───── Data in this exercise

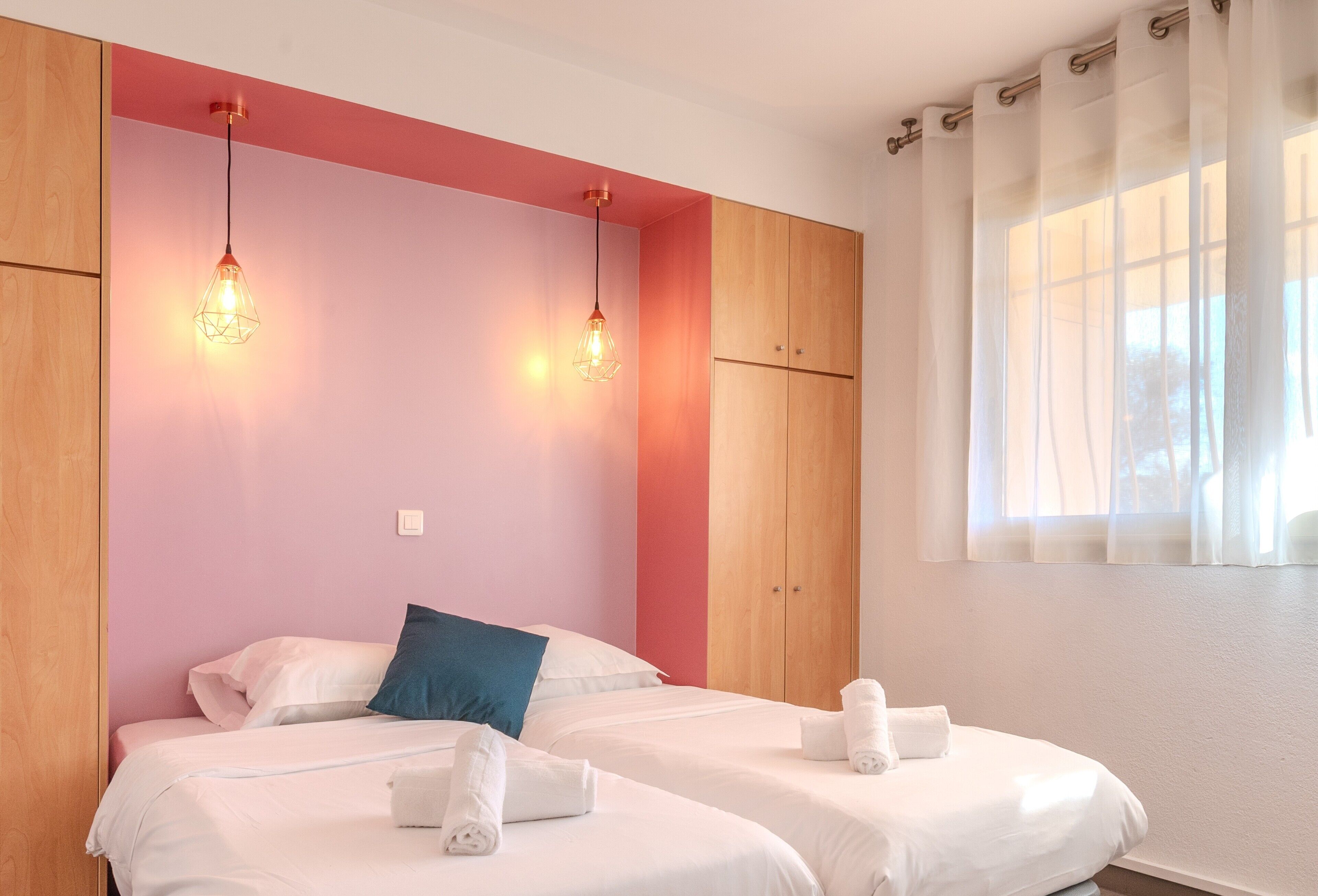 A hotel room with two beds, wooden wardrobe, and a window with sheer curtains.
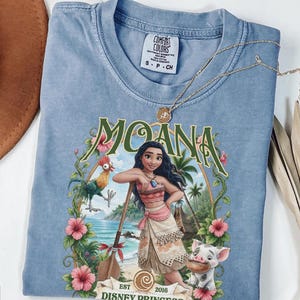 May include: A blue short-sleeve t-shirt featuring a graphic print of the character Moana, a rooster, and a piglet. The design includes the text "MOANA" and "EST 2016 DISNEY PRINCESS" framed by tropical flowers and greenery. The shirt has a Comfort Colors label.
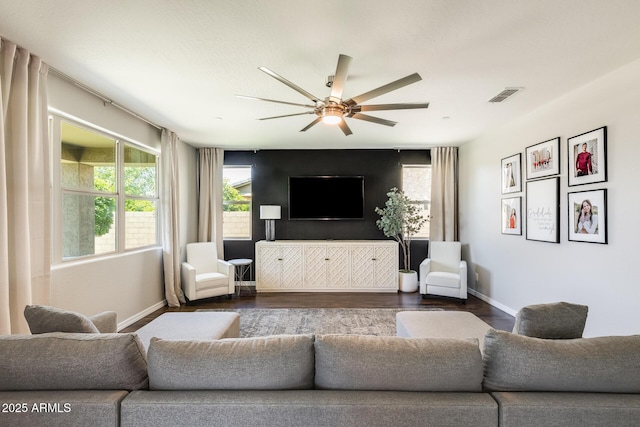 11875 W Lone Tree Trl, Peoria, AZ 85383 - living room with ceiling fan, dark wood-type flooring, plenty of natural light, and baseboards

──────────
───── Data in this exercise

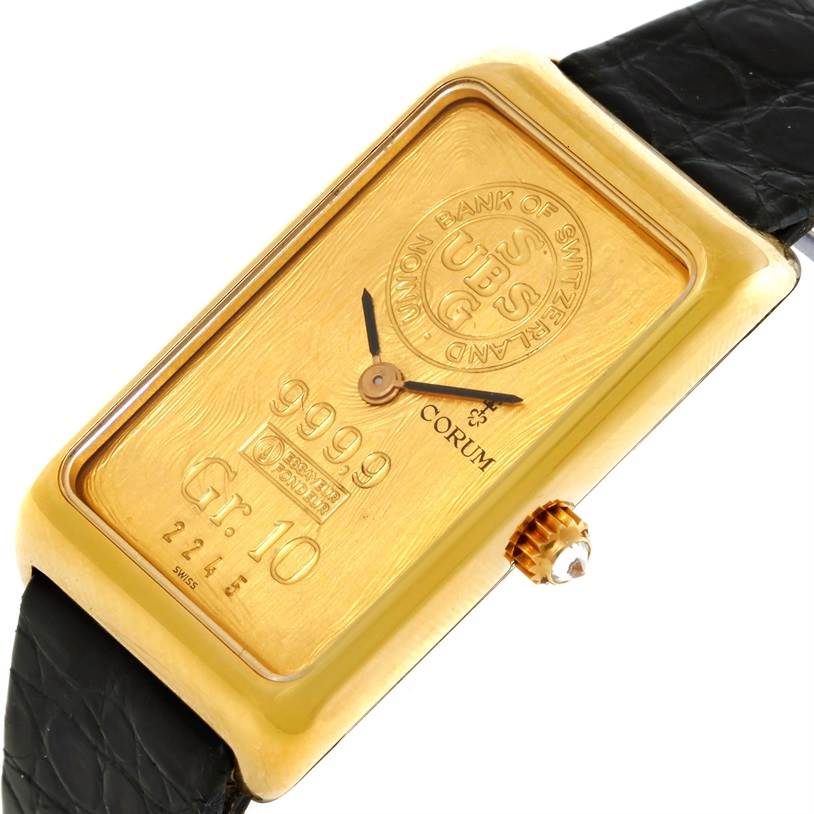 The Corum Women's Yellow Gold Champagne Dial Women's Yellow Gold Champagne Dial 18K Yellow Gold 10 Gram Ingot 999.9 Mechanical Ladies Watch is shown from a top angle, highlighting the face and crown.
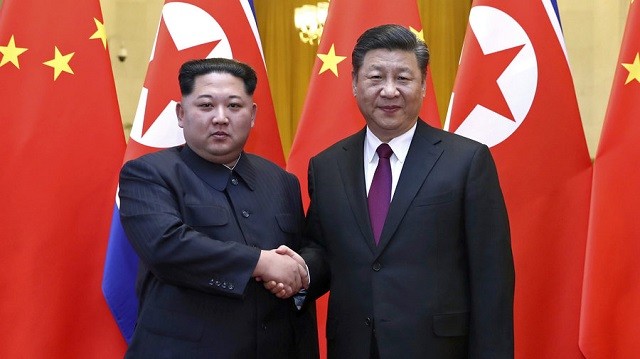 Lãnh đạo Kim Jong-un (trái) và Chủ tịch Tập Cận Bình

──────────

▶ _What the task asks_: Exactly reproduce the lines above, starting at the one that contains "A hotel room" and ending at the one that contains "11875 W Lone", both inclusive; leave the pictures out and add no other lines.

▶ _Task response_:
 A hotel room with two beds, wooden wardrobe, and a window with sheer curtains.
 May include: A blue short-sleeve t-shirt featuring a graphic print of the character Moana, a rooster, and a piglet. The design includes the text "MOANA" and "EST 2016 DISNEY PRINCESS" framed by tropical flowers and greenery. The shirt has a Comfort Colors label.
 11875 W Lone Tree Trl, Peoria, AZ 85383 - living room with ceiling fan, dark wood-type flooring, plenty of natural light, and baseboards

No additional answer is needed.